*EXERCISE DETAILS:*
Transcribe every line from the one containing "バイバイ、ラブ Soft Clear Smartphone Case" through the end of the records below, exactly, but not the pictures.

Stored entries
----------------------------------------

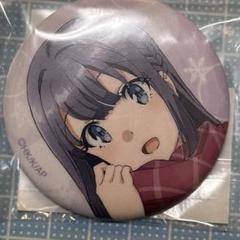 青ブタ フクヤ 2019 プライズ 缶バッジ 牧之原翔子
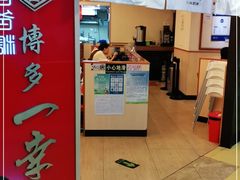 -博多一幸舍(西单大悦城店)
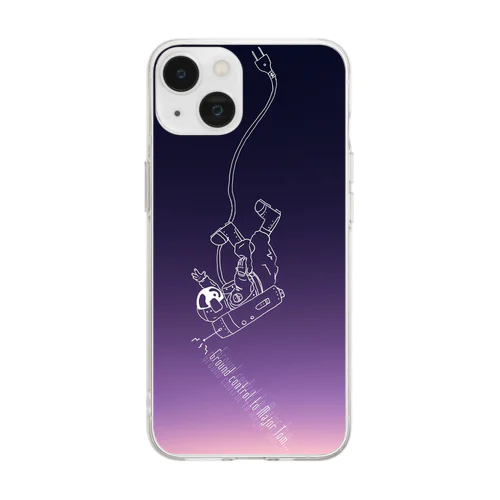 バイバイ、ラブ Soft Clear Smartphone Case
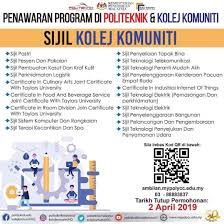 Kolej komuniti berada di bawah kendalian jabatan pendidikan politeknik dan kolej komuniti (jppkk), kementerian pendidikan malaysia (kpm). Kursus Kursus Yang Kolej Komuniti Kepala Batas Facebook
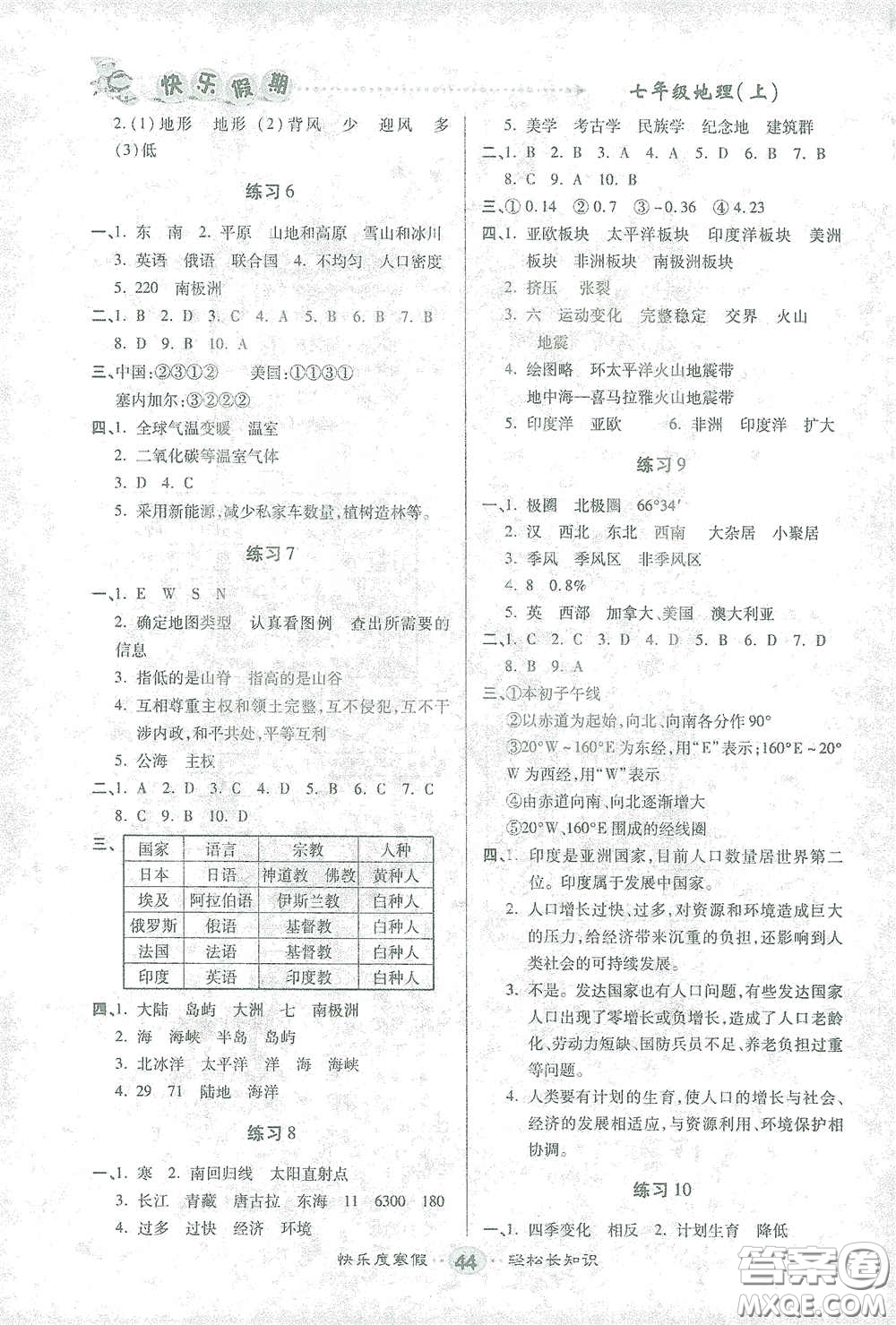 文濤書業(yè)2021寒假作業(yè)快樂(lè)假期七年級(jí)地理人教版答案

----------------------------------------

*ANSWER TO THIS EXERCISE:*
 バイバイ、ラブ Soft Clear Smartphone Case
 Kolej komuniti berada di bawah kendalian jabatan pendidikan politeknik dan kolej komuniti (jppkk), kementerian pendidikan malaysia (kpm). Kursus Kursus Yang Kolej Komuniti Kepala Batas Facebook
 文濤書業(yè)2021寒假作業(yè)快樂(lè)假期七年級(jí)地理人教版答案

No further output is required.